Dontspeak Sat 04-May-13 17:54:10

As predicted he has come home and said so what are we doing tonight. Don't forget we have been invited to the 50th birthday.
I said oh is that somewhere u really want to go because I don't fancy it.
"We'll I'm not staying in and watching tv" so I said do u want to go on your own
No not really
You don't ever want to do anything. Fucks sake....
I said to be honest I don't know that many people there is there anyone going I get on with
His response" you don't get on with anyone"
This isn't true.
Stalemate
I will have to go or suffer sulking

Beamur Sat 04-May-13 18:12:55

Let him sulk, you're not stopping him from going.
I'd much rather go to the cinema or theatre :-)

Loulybelle Sat 04-May-13 18:17:06

Fuck him, he can sulk and ruin his own night, he sounds boring and unculture, is he afraid to go out on his own?

acrabadabra Sat 04-May-13 18:18:23

I'd let him sulk and go off to the pictures on my own tomorrow when he's hungover and being boring himself.

How old is he that he can't go alone? If you're so boring why does he even want you to go? Why are you with someone with whom you share no interests?

I don't often post on these threads but he sounds like an arse. Does he have any redeeming features?

Punkatheart Sat 04-May-13 18:21:39

Stay and play with us my darling. I am sitting in about to watch Doctor Who. We can all be boring together.

orangeandemons Sat 04-May-13 18:22:07

Seems like he's an extrovert and you're an introvert, so different temperaments.

Fwiw I can't think of anything worse than going out 2 nights in a row. Well even one night tbhgrin

TheseFoolishThings Sat 04-May-13 18:57:09

Nothing wrong with an introvert/extrovert pairing as long as one is sympathetic to the other. OP has already said he can go on his own but no - he has to bully her into going when she doesn't want to OR she'll suffer the sulks for however long. Fucking appalling behaviour.

Walkacrossthesand Sat 04-May-13 19:02:46

Here's the thing, OP. substitute 'you can' for 'do you want to' in the dialogue above - it makes a totally different conversation eg 'you can go on your own' (his choice, not your problem) not 'do you want to go on your own'. Sounds like you've become accustomed to walking on eggshells around this man.

ChasingStaplers Sat 04-May-13 19:16:31

What a big baby sulking because you don't want to go.
Why can't he go on his own? He's a grown man!
I'm sorry you have to put up with this OP.
My ex used to play games like this and he'd also agree to me going out without him and then give me absolute grief when I got home (always as agreed, always during the day).
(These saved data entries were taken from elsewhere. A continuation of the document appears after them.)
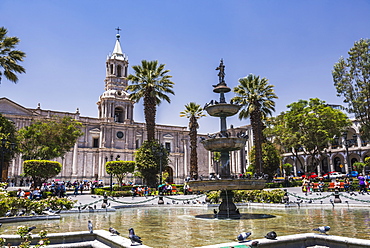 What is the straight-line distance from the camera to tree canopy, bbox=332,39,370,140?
2900 cm

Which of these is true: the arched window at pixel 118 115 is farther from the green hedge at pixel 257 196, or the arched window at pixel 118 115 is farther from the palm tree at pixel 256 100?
the green hedge at pixel 257 196

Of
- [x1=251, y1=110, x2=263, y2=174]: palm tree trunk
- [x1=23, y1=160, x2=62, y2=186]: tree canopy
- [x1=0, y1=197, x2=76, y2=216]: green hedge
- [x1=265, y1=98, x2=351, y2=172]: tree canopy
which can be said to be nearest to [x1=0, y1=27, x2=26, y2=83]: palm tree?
[x1=23, y1=160, x2=62, y2=186]: tree canopy

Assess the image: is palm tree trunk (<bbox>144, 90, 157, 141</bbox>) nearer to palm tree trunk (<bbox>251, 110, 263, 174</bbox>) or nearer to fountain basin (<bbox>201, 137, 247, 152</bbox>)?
palm tree trunk (<bbox>251, 110, 263, 174</bbox>)

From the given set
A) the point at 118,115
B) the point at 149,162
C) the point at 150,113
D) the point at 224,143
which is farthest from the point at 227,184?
the point at 118,115

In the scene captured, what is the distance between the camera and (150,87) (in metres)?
31.1

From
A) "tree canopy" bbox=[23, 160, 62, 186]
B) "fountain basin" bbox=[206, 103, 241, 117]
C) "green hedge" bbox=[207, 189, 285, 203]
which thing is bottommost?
"green hedge" bbox=[207, 189, 285, 203]

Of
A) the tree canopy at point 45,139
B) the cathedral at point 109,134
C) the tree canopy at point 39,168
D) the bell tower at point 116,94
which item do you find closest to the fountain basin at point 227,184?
the tree canopy at point 39,168

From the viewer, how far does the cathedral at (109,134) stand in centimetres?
4078

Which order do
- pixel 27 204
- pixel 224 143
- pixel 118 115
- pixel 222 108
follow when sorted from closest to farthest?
pixel 224 143, pixel 27 204, pixel 222 108, pixel 118 115

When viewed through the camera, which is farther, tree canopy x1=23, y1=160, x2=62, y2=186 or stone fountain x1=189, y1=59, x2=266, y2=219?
tree canopy x1=23, y1=160, x2=62, y2=186

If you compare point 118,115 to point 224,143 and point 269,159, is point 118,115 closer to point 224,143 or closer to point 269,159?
point 269,159

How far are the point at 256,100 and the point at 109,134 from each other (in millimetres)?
24240

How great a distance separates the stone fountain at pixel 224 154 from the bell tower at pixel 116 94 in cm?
3717

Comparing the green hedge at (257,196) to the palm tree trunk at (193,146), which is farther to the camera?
the palm tree trunk at (193,146)
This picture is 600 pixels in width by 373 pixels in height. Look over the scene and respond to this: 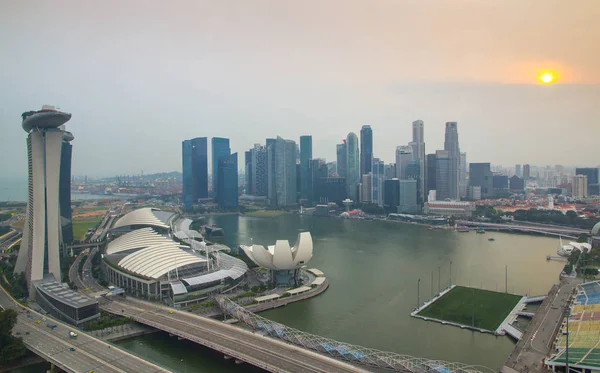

I ended up treading on eggshells (this was one small part of his wholly abusive and appalling treatment of me).

How is he apart from with this issue?

flippinada Sat 04-May-13 19:17:32

You don't sound boring at all. Your H's idea of a fun sounds like my idea of hell. Out three nights in a row, getting pissed? Urgh.

However, that wouldn't so much of a problem if he then just said 'ok, never mind, see you later' and went on his own, would it?

But no, he has to bully you into going too. Why?